Many women are brilliant with money, most household budgets are managed by women and women are better risk-takers, rarely exposing themselves to the kind of catastrophic breakdowns in personal finance that are such a curse on us men. These were lessons learned from last night’s three presentations by the OECD, Scottish Widows and the International Longevity Centre. The presentations were delivered at a joint meeting of TPNW (The-Pensions- Net-Work) and its sister organization TWIN (formerly known as The-Women’s-Insurance-Net-
But for reasons that may be linked to their caution but are probably because the system is set on “male”, women struggle to earn as much, make investment decisions and become financially self-sufficient in later life. We were under Chatham House rules and I can’t say what was said by whom, but the OECD’s latest report on improving outcomes for women is here, Scottish Widows ongoing survey into pension’s gender gap is here and work done by the ILC on women in Gen X- the forgotten generation is reported here
For me the meeting came alive with a short but energetic intervention from Jo Cumbo who I’ve now heard on three platforms (TUC, FT and TPNW) in as many days. Jo has become a leading authority on what women face, not least because she faces most of the challenges she talks of personally.

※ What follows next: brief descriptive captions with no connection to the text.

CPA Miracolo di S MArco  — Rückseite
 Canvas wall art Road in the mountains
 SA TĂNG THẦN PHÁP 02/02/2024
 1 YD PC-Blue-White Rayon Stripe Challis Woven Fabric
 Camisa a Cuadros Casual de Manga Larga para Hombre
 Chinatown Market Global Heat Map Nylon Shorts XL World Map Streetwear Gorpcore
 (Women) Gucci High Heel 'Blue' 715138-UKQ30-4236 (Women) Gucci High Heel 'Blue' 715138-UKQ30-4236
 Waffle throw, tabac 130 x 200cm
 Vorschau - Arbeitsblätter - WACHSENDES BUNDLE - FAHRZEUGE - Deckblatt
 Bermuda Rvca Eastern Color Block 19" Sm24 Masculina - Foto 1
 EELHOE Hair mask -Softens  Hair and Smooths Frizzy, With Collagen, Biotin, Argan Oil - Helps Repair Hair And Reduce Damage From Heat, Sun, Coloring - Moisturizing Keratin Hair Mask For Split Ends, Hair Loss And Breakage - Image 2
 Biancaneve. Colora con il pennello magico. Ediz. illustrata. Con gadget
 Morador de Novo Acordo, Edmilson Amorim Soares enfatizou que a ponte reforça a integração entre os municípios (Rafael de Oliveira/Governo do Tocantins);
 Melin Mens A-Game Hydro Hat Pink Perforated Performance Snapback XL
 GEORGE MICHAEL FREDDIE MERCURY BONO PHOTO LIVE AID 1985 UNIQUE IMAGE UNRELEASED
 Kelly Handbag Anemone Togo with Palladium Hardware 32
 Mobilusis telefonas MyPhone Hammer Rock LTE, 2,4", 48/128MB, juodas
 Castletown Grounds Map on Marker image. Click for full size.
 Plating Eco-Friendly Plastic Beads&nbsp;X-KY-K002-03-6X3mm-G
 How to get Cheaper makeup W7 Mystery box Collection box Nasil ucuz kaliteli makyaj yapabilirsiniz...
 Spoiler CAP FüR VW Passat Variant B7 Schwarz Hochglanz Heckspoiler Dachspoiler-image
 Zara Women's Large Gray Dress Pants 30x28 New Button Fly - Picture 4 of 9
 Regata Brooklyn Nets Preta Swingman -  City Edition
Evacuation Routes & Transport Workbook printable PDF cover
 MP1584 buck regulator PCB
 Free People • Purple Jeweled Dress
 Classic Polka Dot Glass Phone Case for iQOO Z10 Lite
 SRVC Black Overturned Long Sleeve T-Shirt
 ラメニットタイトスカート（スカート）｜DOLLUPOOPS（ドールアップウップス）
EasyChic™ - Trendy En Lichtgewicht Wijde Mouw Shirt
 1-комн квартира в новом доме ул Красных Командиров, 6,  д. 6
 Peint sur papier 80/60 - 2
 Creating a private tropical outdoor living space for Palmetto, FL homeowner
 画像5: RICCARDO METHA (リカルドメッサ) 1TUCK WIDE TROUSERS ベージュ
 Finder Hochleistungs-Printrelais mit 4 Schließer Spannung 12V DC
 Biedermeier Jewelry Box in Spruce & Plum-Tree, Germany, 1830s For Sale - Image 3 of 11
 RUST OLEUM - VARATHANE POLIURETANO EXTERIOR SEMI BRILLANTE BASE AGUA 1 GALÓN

Surprisingly to me (and I suspect the Zoom crowd), Jo did not go down the “financial education route” – which I suspect is trying to shoe-horn women into a pension savings system designed by and for men, but instead called for financial products whose solutions suited women but which did not make impossible demands upon them , in terms of choices.
I spoke with Jo about this afterwards and she was at pains to point out that she does not think these choices, primarily choices at retirement, are in themselves wrong, but that they play to the strengths of men whose natural risk taking and self-confidence on strategic decisions, lends them to decisive action. A spokesperson for the annuity book of a major insurer commented at the meeting that most annuities are bought by men and only a tiny number are purchased to continue for spouses and partners.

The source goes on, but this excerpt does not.